Cependant, je dirais que, dans sa version actuelle, la Loi de l'impôt intègre déjà de nombreuses mesures visant à répondre à ces questions d'équité. Par exemple, comme beaucoup de membres du comité le savent déjà, au décès d'un particulier, on présume de la disposition de ses biens, qui produit des gains accumulés, ce qui provoque leur imposition.
De même, la loi actuelle renferme des dispositions anti-évitement visant à contrecarrer les plans de ceux qui voudraient dédoubler l'accès aux taux marginaux. Il y a déjà une mesure en ce sens à l'article 104 de la loi.
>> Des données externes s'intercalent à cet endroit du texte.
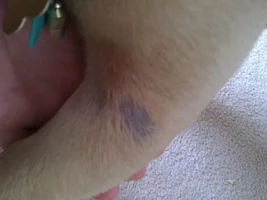 Bald patch on leg..... (pic attached)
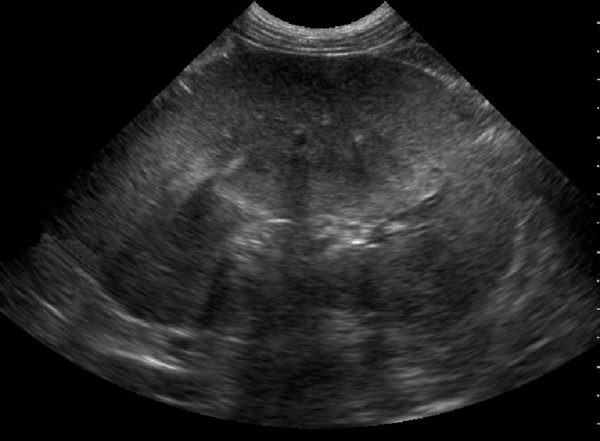 Ultrasound depicting a canine kidney.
Je comprends et respecte les préoccupations soulevées. Il faut en effet éviter d'accroître encore davantage les inégalités en négligeant d'imposer le revenu au taux approprié, mais nous proposons ici simplement un système qui permettra d'assurer une intégration adéquate de l'impôt sans défavoriser ceux qui auraient été imposés à un taux inférieur s'ils avaient touché directement ce revenu.
Il est important de situer les choses dans leur contexte. Selon certaines statistiques que j'ai pu consulter, les économies actuelles découlant de l'imposition d'une tranche de revenu au taux marginal par rapport au taux le plus élevé peuvent atteindre quelque 15 000 $. Je vous dirais que le genre de planification que nous avons pu observer, et que ces règles rendraient impossible, ne vise pas principalement cette économie de 15 000 $. Ces efforts sont souvent surtout motivés par des raisons qui n'ont rien à voir avec la fiscalité.
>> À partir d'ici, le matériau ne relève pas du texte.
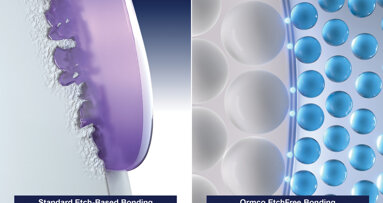 Ormco EtchFree Bonding system: Introducing the next generation of bonding, inspired by nature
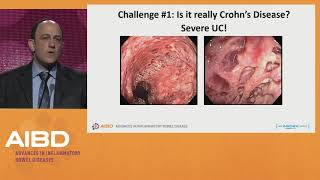 Challenges in the treatment of severe Crohns disease [upl. by Nevaed]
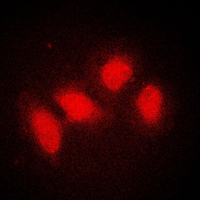 SMG7 Antibody - Immunofluorescent analysis of SMG7 staining in A431 cells. Formalin-fixed cells were permeabilized with 0.1% Triton X-100 in TBS for 5-10 minutes and blocked with 3% BSA-PBS for 30 minutes at room temperature. Cells were probed with the primary antibody in 3% BSA-PBS and incubated overnight at 4 C in a humidified chamber. Cells were washed with PBST and incubated with a DyLight 594-conjugated secondary antibody (red) in PBS at room temperature in the dark. DAPI was used to stain the cell nuclei (blue).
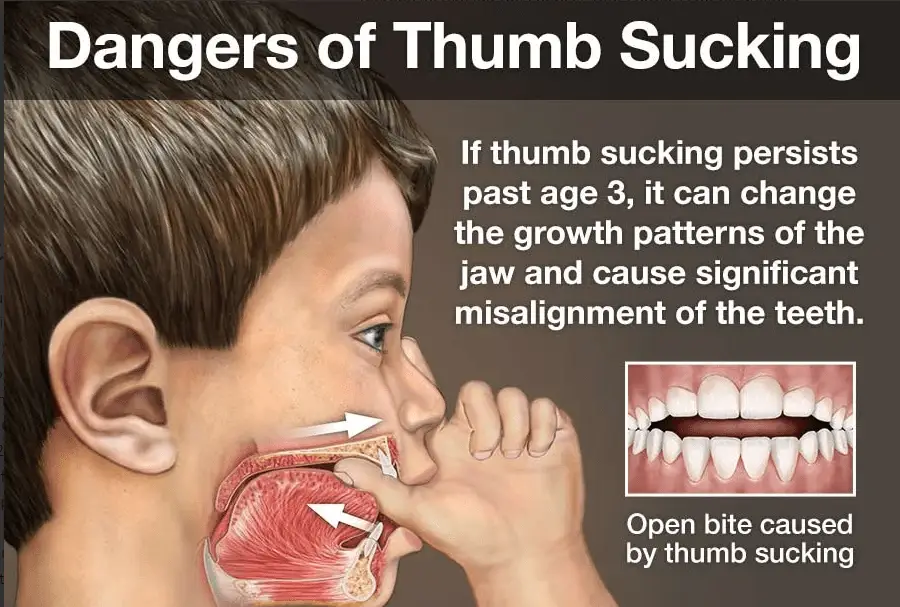 Dangers of Thumb Sucking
Je conviens qu'il faut éviter d'aggraver les injustices, mais j'estime qu'il faut aussi veiller, une préoccupation peut-être plus importante encore, à ce que ceux qui risquent d'être désavantagés ne le soient pas du fait que l'on veut mettre en place un régime fiscal capable d'aller chercher tous les dollars disponibles.
Le vice-président : J'aurais peut-être une dernière question à adresser à ce groupe de témoins. Est-ce que vos propositions concernent principalement le moment où ces mesures seront mises en œuvre ou la façon dont on procédera? Si c'est le délai de mise en œuvre qui vous préoccupe, êtes-vous en fait en train de nous dire qu'il vous faudrait davantage de temps pour gérer plus efficacement ces changements au bénéfice de votre clientèle?
M. Friedman : Je crois qu'il y a deux éléments à considérer. Il faut d'abord s'assurer que les Canadiens, et plus particulièrement les aînés qui n'ont pas nécessairement toujours accès aux mêmes ressources en ligne, prennent conscience de ces changements qui se pointent à l'horizon. Il faut que les gens aient la possibilité de bien comprendre les modifications apportées à la loi et d'organiser leurs affaires en conséquence. C'est le premier élément qui concerne le délai de mise en œuvre.
Le second élément touche la façon dont les règles en question seront appliquées dans le contexte d'une succession donnée. On propose pour l'instant un délai bien précis de 36 mois. L'application d'un tel délai serait préjudiciable à de nombreux contribuables pour des raisons qui n'ont absolument rien à voir avec la planification fiscale. Il y aurait donc deux éléments à prendre en compte : le moment où ces mesures seront mises en œuvre et la façon dont on s'y prendra.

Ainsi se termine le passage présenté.